Direitos humanos foram o foco da palestra para alunos dos cursos técnicos.
Raquel Torres - EPSJV/Fiocruz | 18/03/2010 08h00 - Atualizado em 01/07/2022 09h47


 Desde o fim do ano passado, quando foi lançada a terceira edição do Programa Nacional de Direitos Humanos (PNDH-3), o assunto tem pautado intensas discussões. Aproveitando o debate, a Escola Politécnica de Saúde Joaquim Venâncio (EPSJV/Fiocruz) convidou Paulo Vannuchi, ministro da secretaria especial de Direitos Humanos da Presidência da República, para conduzir a aula inaugural dos cursos técnicos em saúde, com o tema ‘Os direitos humanos como marco educativo para o processo civilizatório’. A aula foi proferida no dia 12 de março, no Auditório Joaquim Alberto Cardoso de Melo.



O ministro explicou que um dos importantes direitos humanos é o direito à memória – e que, portanto, é preciso recordar a história de suas violações, como as mortes e torturas que atravessaram o Brasil durante a ditadura militar. Assim, Vannuchi começou sua palestra lembrando que 2010, além de marcar o 25o aniversário da EPSJV, marca também os 25 anos da saída do general Figueiredo do poder e do início da redemocratização do país.



Contudo, ele afirmou também que, apesar da importância da memória, as falas sobre direitos humanos não devem se ater a ela, mas sim ter “alto astral” e apresentar a esperança de construir aquilo que ainda não temos: citando Hannah Arendt, Vannuchi disse que o presente é o fugaz momento entre o ‘não mais’ e o ‘não ainda’. “É claro que ainda não vai tudo bem. Mas é importante ter a percepção de que esse é um momento de afirmação. Nossa geração realiza hoje uma meta que era pouco provável: num sistema de repressão, mortes e tortura de companheiros, metade morreu no processo. Não era certo que seríamos vitoriosos, mas fomos. Na época, fomos derrotados, massacrados. Mas os derrotados de então estão falando hoje, à luz dos holofotes, expondo suas idéias, enquanto nossos torturadores estão se escondendo”, completou.

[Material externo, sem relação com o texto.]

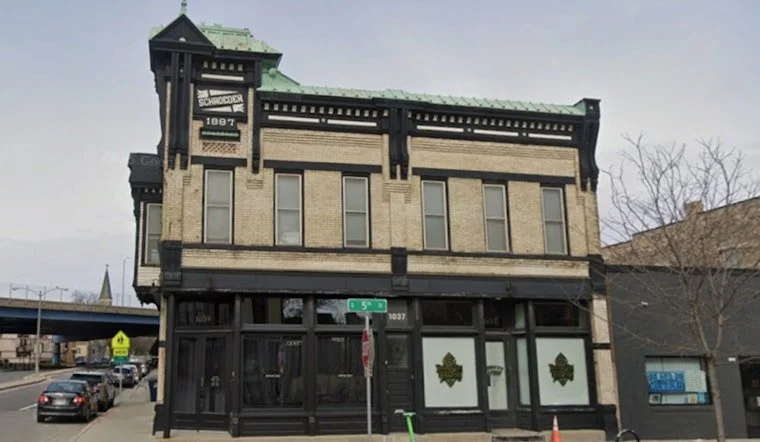 hOODLINE | CORK WINE &amp; COCKTAIL BAR OPENS IN WALKER'S POINT, MILWAUKEE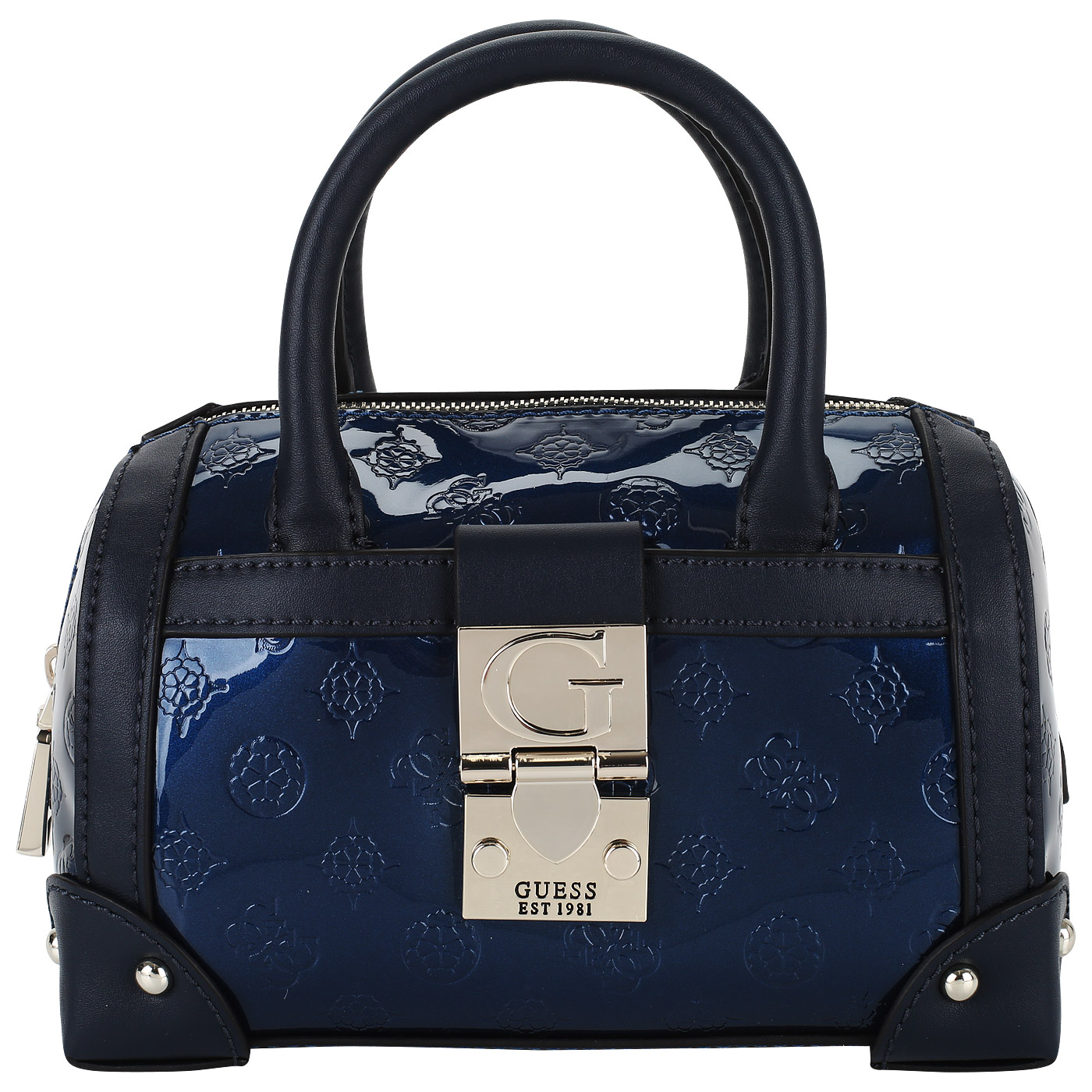 Guess Лаковая сумочка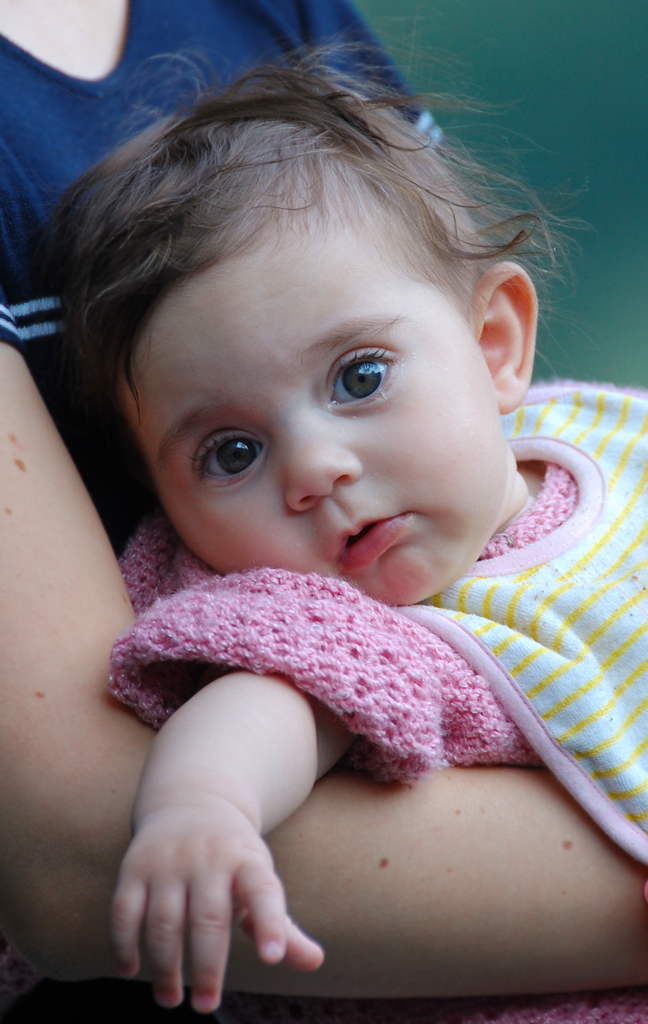 Prendimi in collo babbo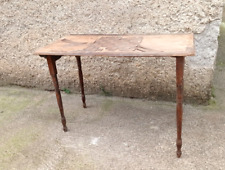 Antico tavolino tavolinetto usato  Velletri
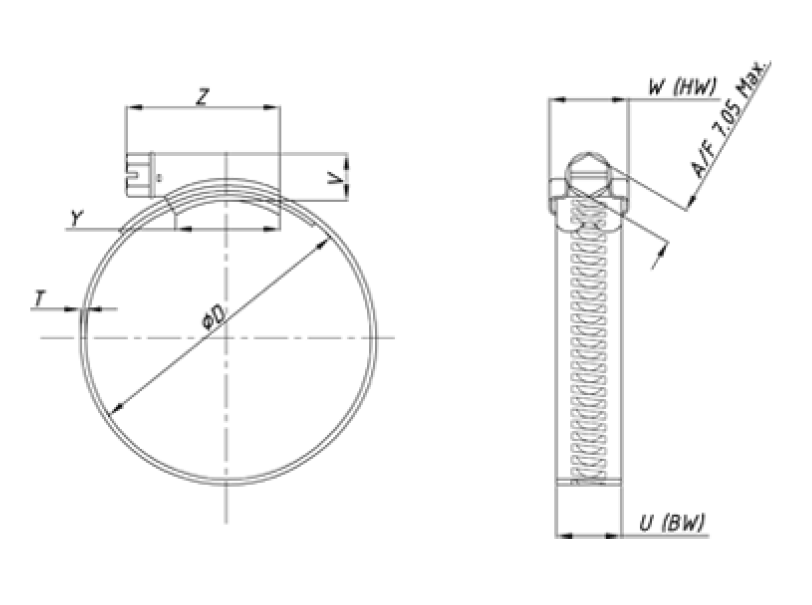 Jolly Worm Drive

Direitos humanos e revolução francesa



Liberdade, igualdade e fraternidade: o ministro explicou que a revolução francesa de 1789 consagrou, nessas três palavras, a concepção do que seriam os direitos humanos, e questionou se a platéia já havia parado para pensar no significado de cada um desses termos. Quanto à liberdade, Vannuchi afirmou que ainda não se conseguiu uniformizar uma definição e que sua preferida é a da poetisa Cecília Meireles: “uma palavra que o sonho humano alimenta, que não há ninguém que explique e ninguém que não entenda”.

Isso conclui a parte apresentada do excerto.